Follow-up and management of recurrent pregnancy losses due to massive perivillous fibrinoid deposition.

Massive perivillous fibrinoid deposition is a rare placental pathology associated with significant adverse pregnancy outcome and can recur. We provide a detailed case review of a woman through 10 of her pregnancies, including 8 consecutive pregnancy losses and 2 live births. We also conducted a retrospective chart review of all massive perivillous fibrinoid deposition placenta specimens at our institution over an eight-year period. A total of 42 cases of massive perivillous fibrinoid deposition were identified from 2007 to 2015, yielding an incidence of 0.16%. Recurrence was seen in subsequent pregnancy in eight out of nine (88.9%) cases with more than one specimen. The clinical characteristics, perinatal outcomes and α-feto protein level of the 42 cases are presented. Also, presented is a review of the literature discussing placental pathology, pathogenetic mechanisms and management of this condition.

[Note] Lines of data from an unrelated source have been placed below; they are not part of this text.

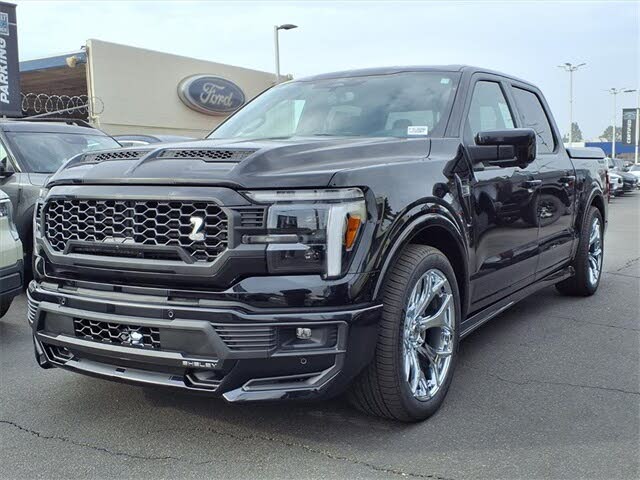 2025 Ford F-150 Lariat SuperCrew 4WD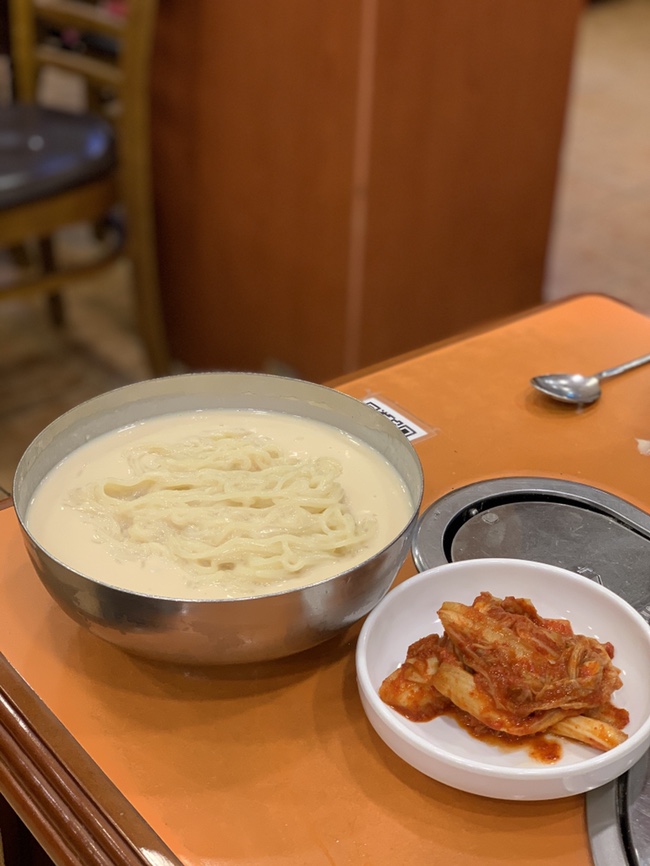  [시청] 1일 3콩국수 하고싶은 맛집 진주회관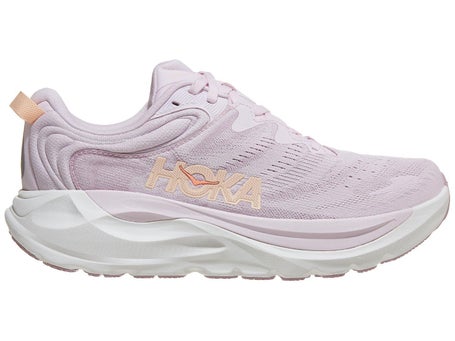 HOKA Gaviota 6\Womens Shoes\Lilac Cream/Fragrant Lilac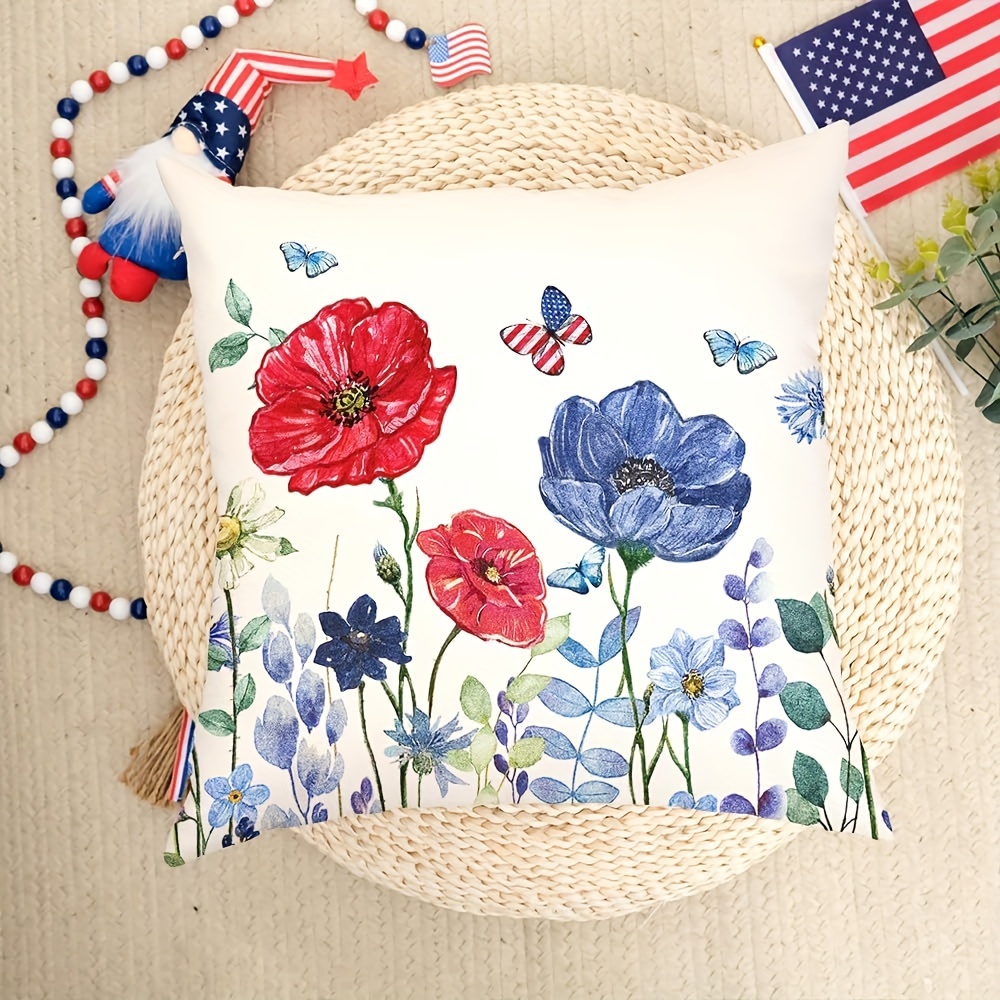 Pillow Insert 18X18 - Fodera per Cuscino Decorativo in Lino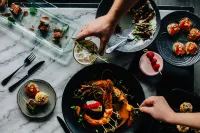 Kimpton HOTEL MONACO PHILADELPHIA by IHG - 朝食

Maternal Floor Infarction/Massive Perivillous Fibrin Deposition Associated with Hypercoiling of a Single-Artery Umbilical Cord: A Case Report.

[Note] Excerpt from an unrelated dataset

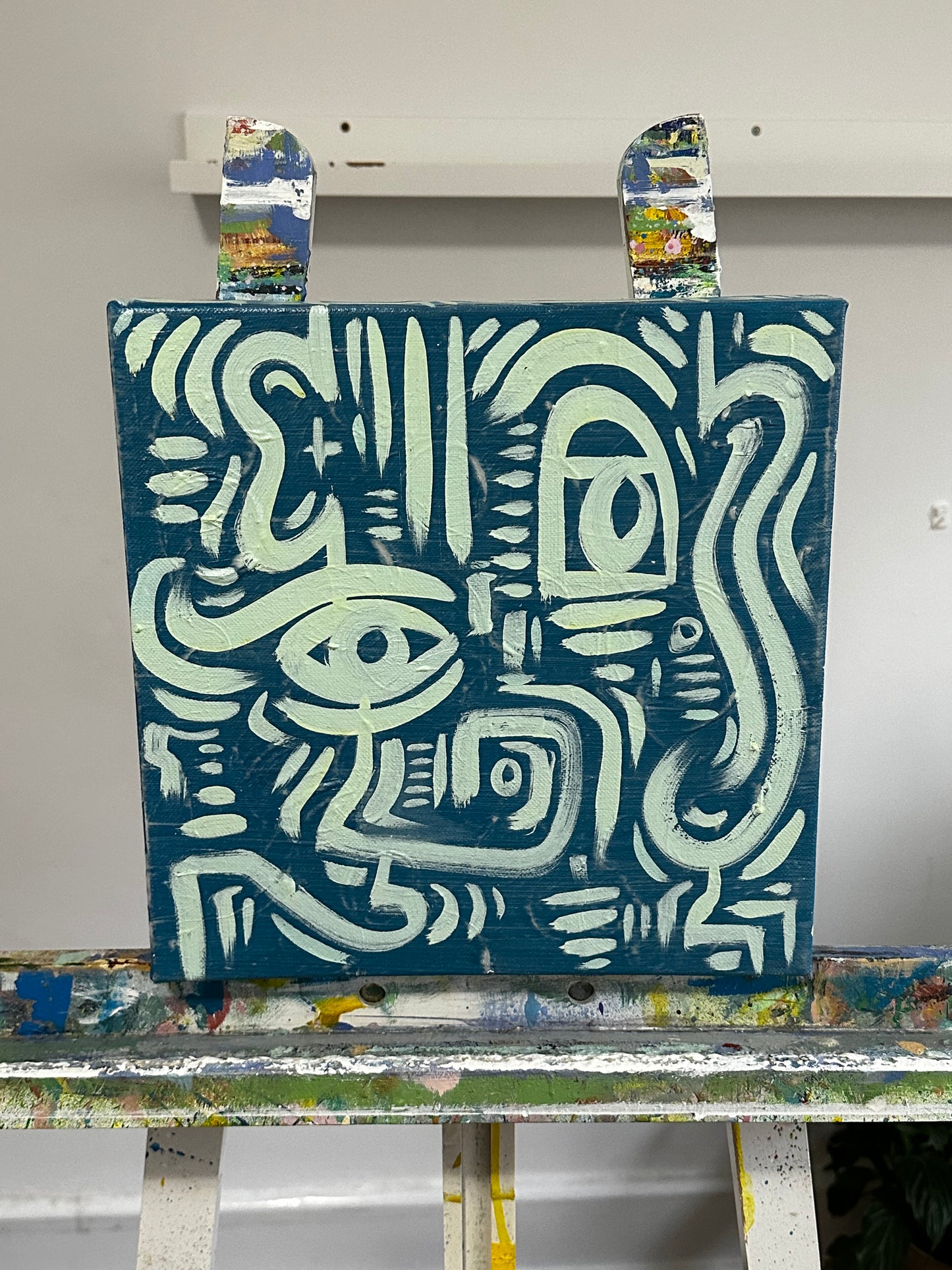 Picasso On The Cube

Maternal floor infarction is a rare and idiopathic placental disorder associated with adverse obstetric outcomes and a high rate of recurrence in subsequent pregnancies. The pathogenesis of maternal floor infarction is unclear but has been linked to diverse underlying maternal conditions, including gestational hypertension/preeclampsia, immune-mediated diseases, and thrombophilia. Few reports link maternal floor infarction to fetoplacental conditions. We report a 34-week, macerated, growth-restricted male fetus for which the placenta showed maternal floor infarction. The umbilical cord showed excessive coiling and a single umbilical artery. These cord changes are postulated to have resulted in increased placental villous resistance and decreased fetal blood flow, creating a hydrostatic pressure gradient between the villous stroma and the intervillous space. The pressure changes could then lead to trophoblast damage and fibrinoid deposition, contributing to the maternal floor infarction in this case.

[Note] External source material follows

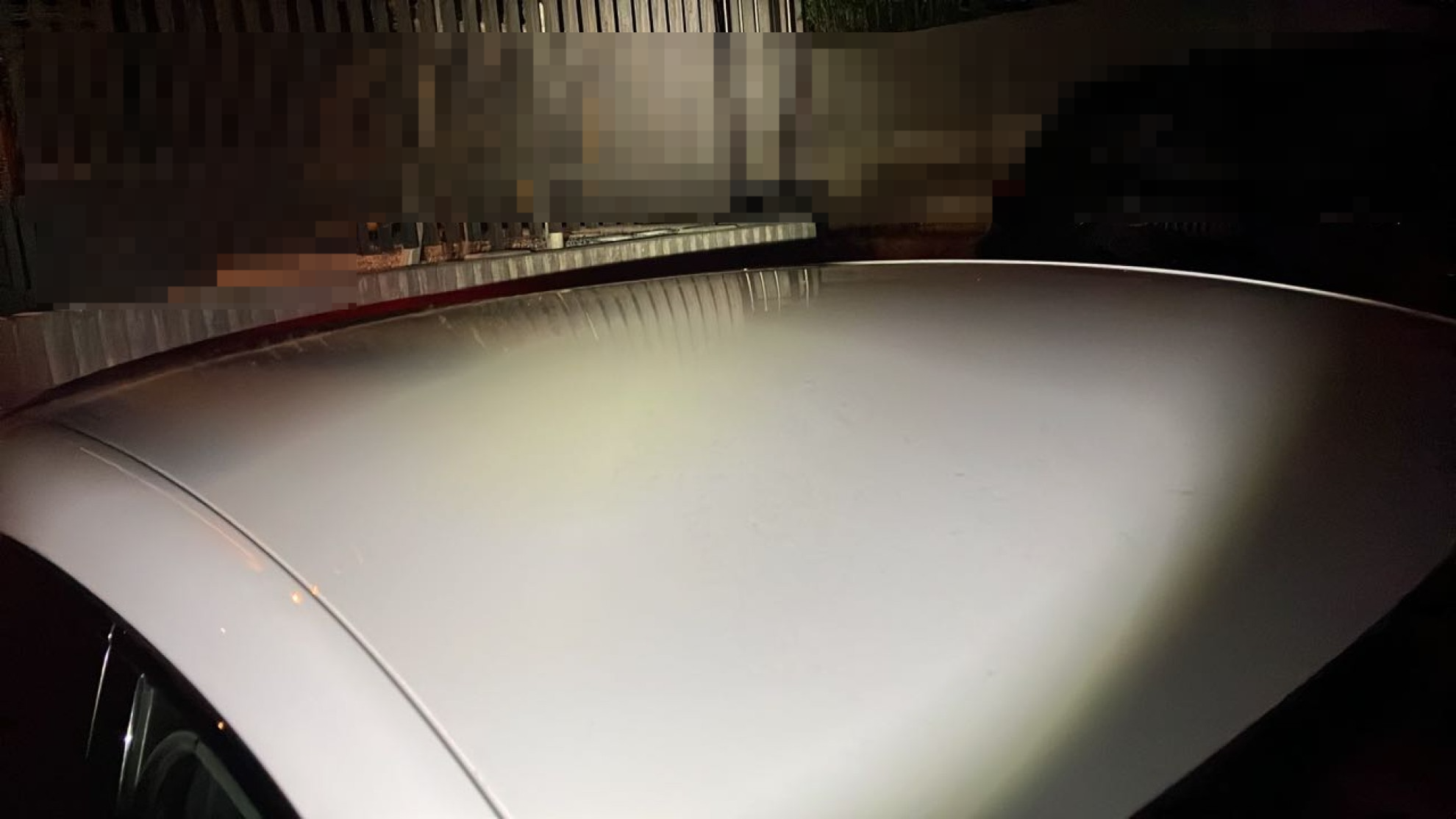 正面ルーフ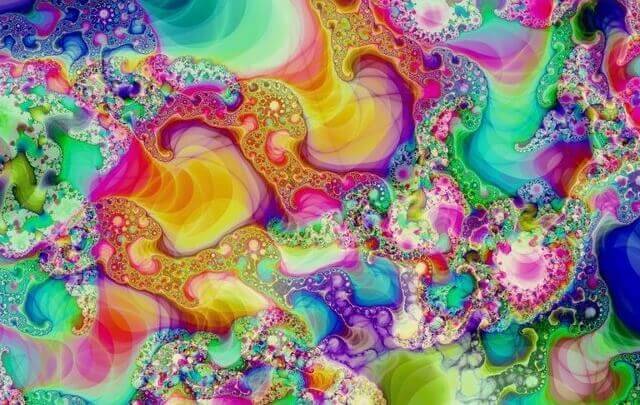 Cores e a sua influência emocional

Pravastatin to prevent recurrent fetal death in massive perivillous fibrin deposition of the placenta (MPFD).

Massive perivillous fibrin deposition of the placenta (MPFD) or maternal floor infarction (MFI) is a serious condition associated with recurrent complications including fetal death and severe fetal growth restriction. There is no method to evaluate the risk of adverse outcome in subsequent pregnancies, or effective prevention. Recent observations suggest that MFI is characterized by an imbalance in angiogenic/anti-angiogenic factors in early pregnancy; therefore, determination of these biomarkers may identify the patient at risk for recurrence. We report the case of a pregnant woman with a history of four consecutive pregnancy losses, the last of which was affected by MFI. Abnormalities of the anti-angiogenic factor, sVEGFR-1, and soluble endoglin (sEng) were detected early in the index pregnancy, and treatment with pravastatin corrected the abnormalities. Treatment resulted in a live birth infant at 34 weeks of gestation who had normal biometric parameters and developmental milestones at the age of 2. This is the first reported successful use of pravastatin to reverse an angiogenic/anti-angiogenic imbalance and prevent fetal death.